So, you’ve been honing your craft for at least a week. That’s great! But, before we get into successfully landing a client, let’s go down the dark road of rejection. Sometimes potential client expectations don’t match up with their budget and what you can offer. Don’t undercut yourself. If you have an hourly rate, stick to it. They’re good to have as a base to build from. If you know your rate can’t go lower, if you can’t rework the scope of the project, respectfully walk away. As Travis puts it, “if a client approaches you for something you can’t do, or are not comfortable doing, refer someone else. It builds community and a relationship with the potential client. Never turn away a chance to make a connection.” Be honest and forward with a potential client at all times. It’s better to turn them away than upset or disappoint them.

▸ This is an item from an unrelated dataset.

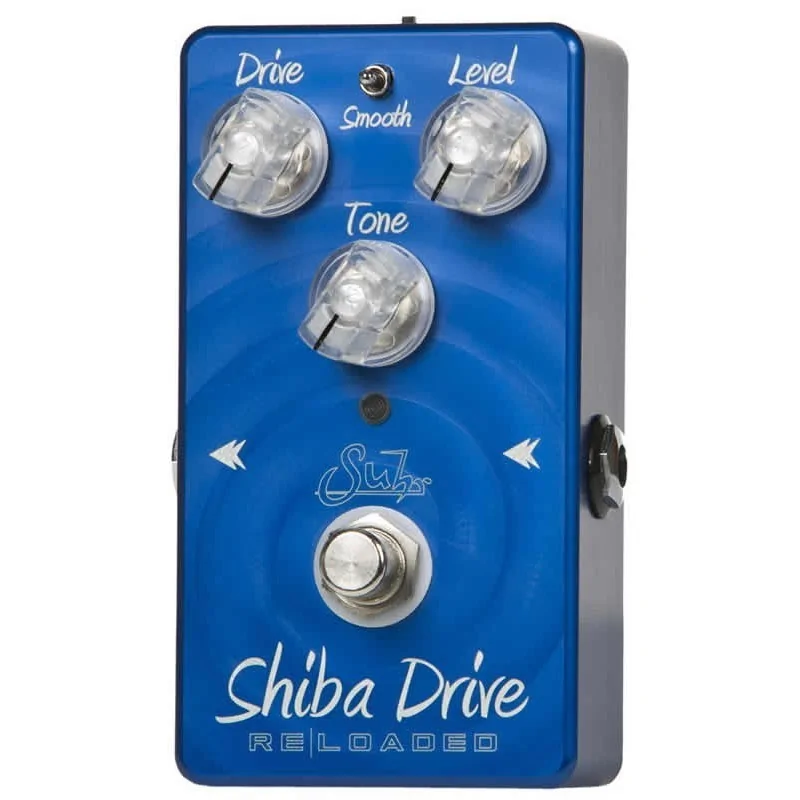 Suhr Shiba ReLoaded Drive Pedal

Pro Tip: Jeffrey mentioned, “they don’t see the years of struggles, tears, breakdowns and rejections.” It can be hard, but remember that you have a different perspective on your work and educating clearly is very important. And keep this in mind, too: “The phrases ‘Never make compromises’ and ‘the client is never wrong’ are both wrong. Find a balance. Clients are not money cows,” reminds Galacia Barton.

Galacia Barton
Galacia Barton

So the hunt is over, you have a client on the hook and it’s time to start working. Like us, you’re probably so hungry for work it feels like you’re starving. And that can lead you to making any number of mistakes.

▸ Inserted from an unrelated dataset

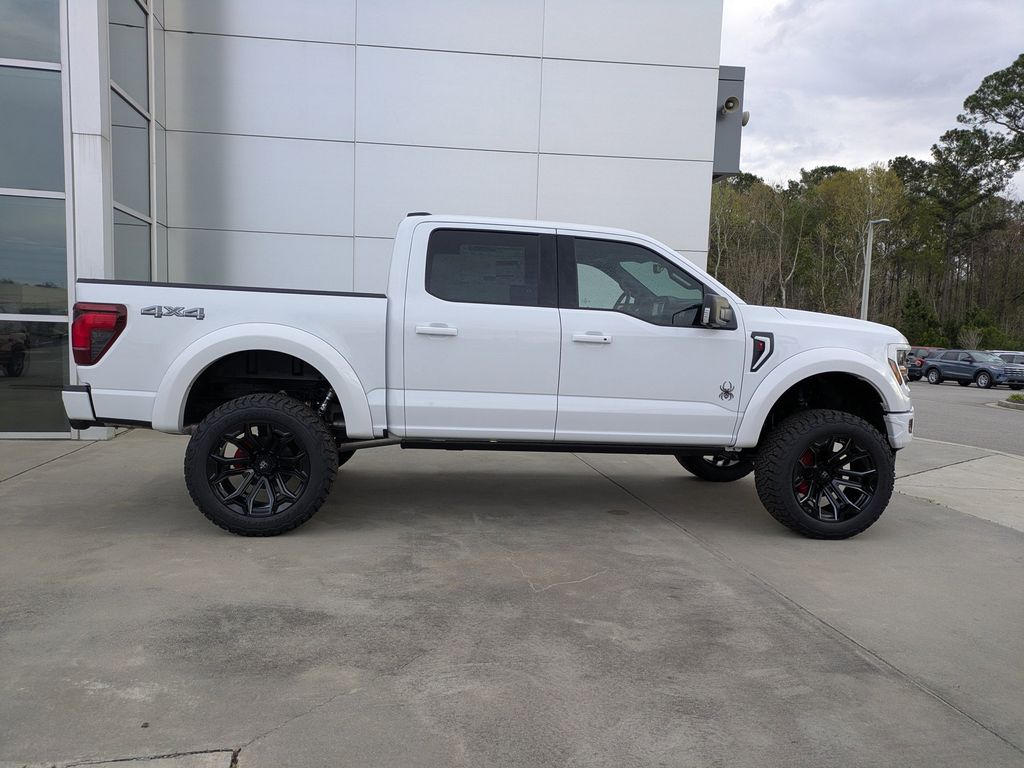 2026 Ford F-150 Black Widow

If you’re ready to sell any of your work, you should have at least a strong idea of what you’re worth. Never undercut yourself. Before even considering numbers, get a grasp on the scope and expectation of the project. It won’t be uncommon for clients to be working on fixed budgets, so understanding their intentions will allow you to negotiate the cost effectively.

It’s not crucial to have the client lay down the first number, but it doesn’t hurt. And it can be easier to “tailor your skills to fit their range,” as Galacia says. Don’t be afraid to offer an augmented, or simplified service to accommodate what the budget is.

"Bravery", by Galacia Barton.
“Bravery”, by Galacia Barton. To see more of Barton’s work, check out her site here.

Tailoring isn’t always the resolve though. Unfortunately, powerful tools like the internet can hinder professional work with services that allow people to sell their skills for unimaginably low rates. This is where your knowledge of your work will put you in the role of an educator. Especially in the realm of digital artwork, clients can sometimes be blind to “the decisions and research that goes into great design,” says Travis Bentley. No matter what you’re doing digitally, teach your potential clients about your processes to show them exactly what they’re paying for.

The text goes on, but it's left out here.